Thursday, July 26, 2012

Disability in the Presidential Campaign of 2012: Abram Powell

Saw this ad/video today from the Obama campaign, featuring Abram Powell, a deaf African-American auto worker from Michigan.  I like how specific it is to his life--it's not a generic disability message--and it's full of photos, and we see him speaking to an audience in ASL, etc. 
Seen other ads, from any campaign, that focus on disability themes? Drop a link in comments.

Tuesday, July 24, 2012

Press Release: The Projected Image: A History of Disability in Film

Check this out!  Full press release is here.

Release Date: 7/24/2012

TCM to Examine Hollywood's Depiction of People with Disabilities in The Projected Image: A History of Disability in Film in October  
Lawrence Carter-Long Joins TCM's Robert Osborne for Historic Month-Long Film Exploration, Presented in Collaboration with Inclusion in the Arts  
Turner Classic Movies (TCM) will dedicate the month of October to exploring the ways people with disabilities have been portrayed in film. On behalf of Inclusion in the Arts, Lawrence Carter-Long will join TCM host Robert Osborne for The Projected Image: A History of Disability in Film. The special month-long exploration will air Tuesdays in October, beginning Oct. 2 at 8 p.m. (ET).

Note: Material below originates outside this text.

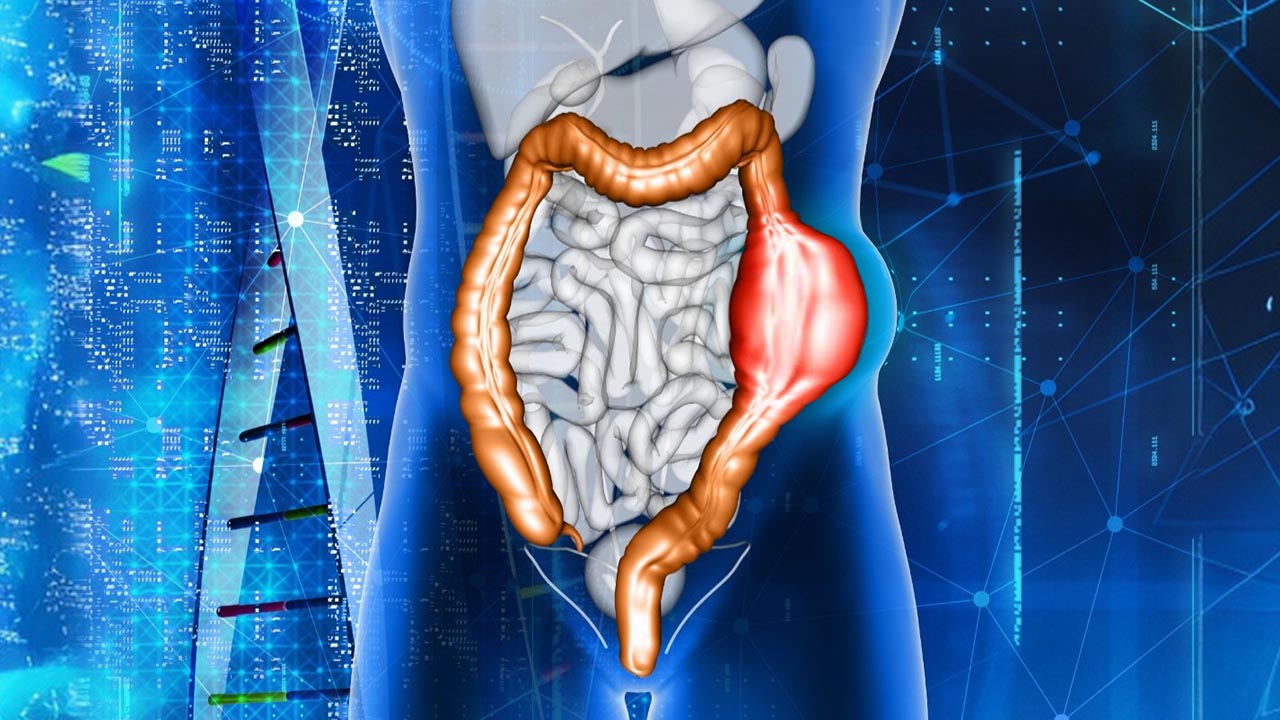 Tumor Usus Besar: Gejala, Penyebab, Diagnosis, dan Penanganan Lengkap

TCM makes today’s announcement to coincide with the 22nd anniversary of the signing of the Americans with Disability Act (ADA) on July 26. And in a first for TCM, all films will be presented with both closed captioning and audio description (via secondary audio) for audience members with auditory and visual disabilities.

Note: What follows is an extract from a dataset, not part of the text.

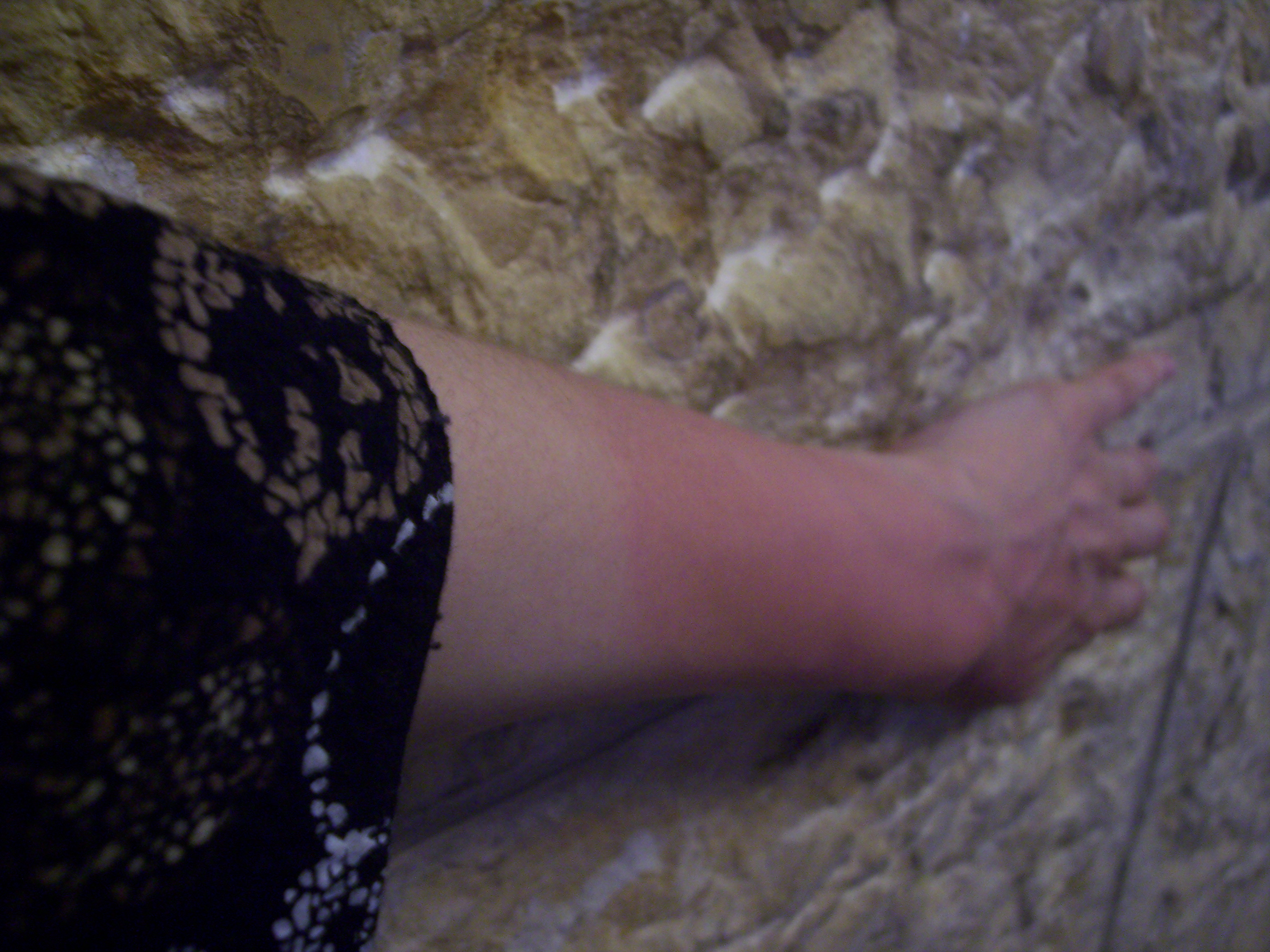 Burned_hand.JPG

The Projected Image: A History of Disability in Film features more than 20 films ranging from the 1920s to the 1980s. Each night's collection will explore particular aspects, themes, or types of disability, such as blindness, deafness and psychiatric or intellectual disabilities. In addition, one evening of programming will focus on newly disabled veterans returning home from war.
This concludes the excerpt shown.